WHAT YOU SHOULD DO: Copy all the lines of the listing below exactly. Skip the images.

INFORMATION SHOWN:

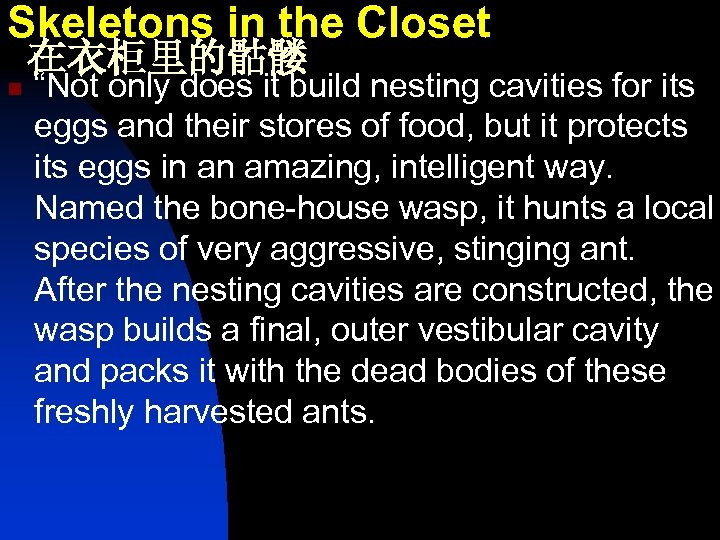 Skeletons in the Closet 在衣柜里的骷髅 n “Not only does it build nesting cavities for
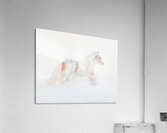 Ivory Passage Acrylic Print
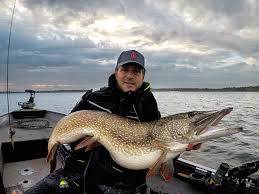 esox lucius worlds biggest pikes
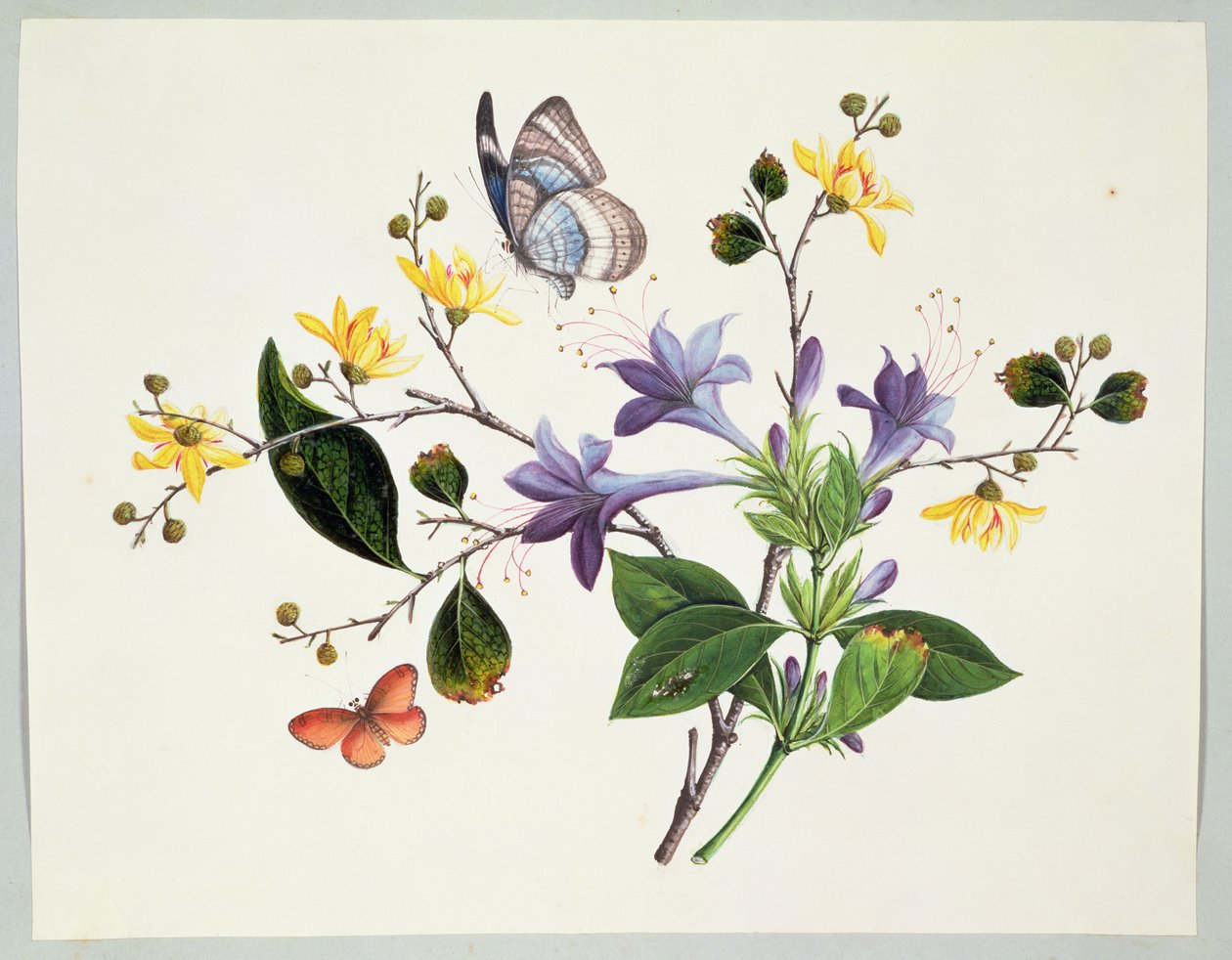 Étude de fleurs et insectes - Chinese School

SOLUTION FOR THIS TASK:
 Skeletons in the Closet 在衣柜里的骷髅 n “Not only does it build nesting cavities for
 Ivory Passage Acrylic Print
 esox lucius worlds biggest pikes
 Étude de fleurs et insectes - Chinese School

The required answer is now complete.